#include<iostream>
using namespace std;
class abc
{
static int x;
public:
abc()
{
x++;
}
static int getx()
{
return x;
}
};
int abc::x=0;
int main()
{
cout<<abc::getx()<<" ";
abc t[10];
cout<<abc::getx();
}
While going through the mcqs of Techgig event in india i had problem on the following code. Help me understand the following code. what does the line abc t[10] means?
what does the line abc t[10] means?
It means that you get 10 abc on the stack and that you will refer to them by t. Just like int t[10] gets you 10 int, except instead of int, it's abc.

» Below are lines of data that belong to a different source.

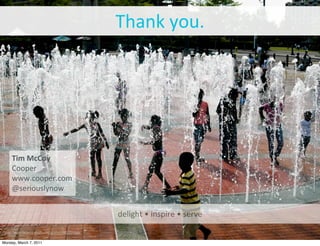 Thank	
  you.




     Tim	
  McCoy
     Cooper
     www.cooper.com
     @seriouslynow


                                                  delight	
  •	
  inspire	
  •	
  serve
 http://www.ﬂickr.com/photos/ucumari/482359366/

Monday, March 7, 2011
 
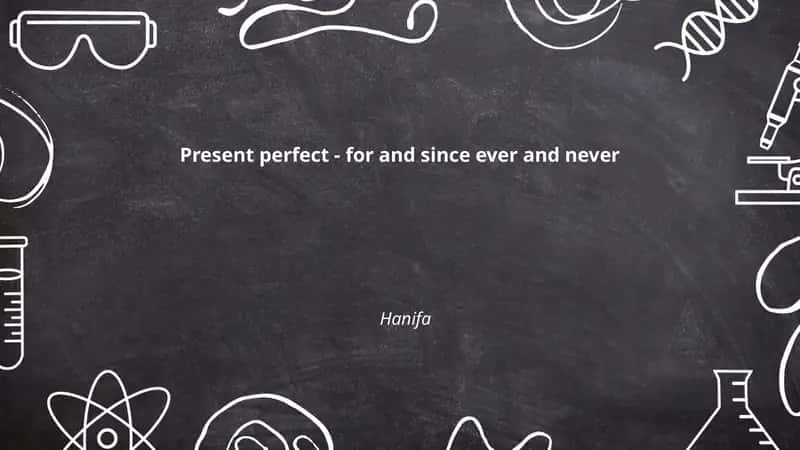Present perfect - for and since ever and never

But you probably wondered what this example is supposed to demonstrate with it. We have a static variable in class abc, so this one exists only once, no matter how many abc are made:
static int x;
It is set to 0 here:
int abc::x=0;
At the start of the program we confirm that it indeed is 0:
cout<<abc::getx()<<" ";
This should print 0, because it's calling a static getter that returns that x value:
static int getx()
{
return x;
}
Now, what's happening here?
abc t[10];
Here, 10 abc are made. Actually, in reality not much might be made here because abc doesn't have any non-static fields. But nevertheless, the constructor is called every time:
abc()
{
x++;
}
Remember, 10 abc are made, so this is called 10 times. Thus, x is increased by 1 ten times, and since it was 0, it should now be 10. We confirm this assumption with the following print:
cout<<abc::getx();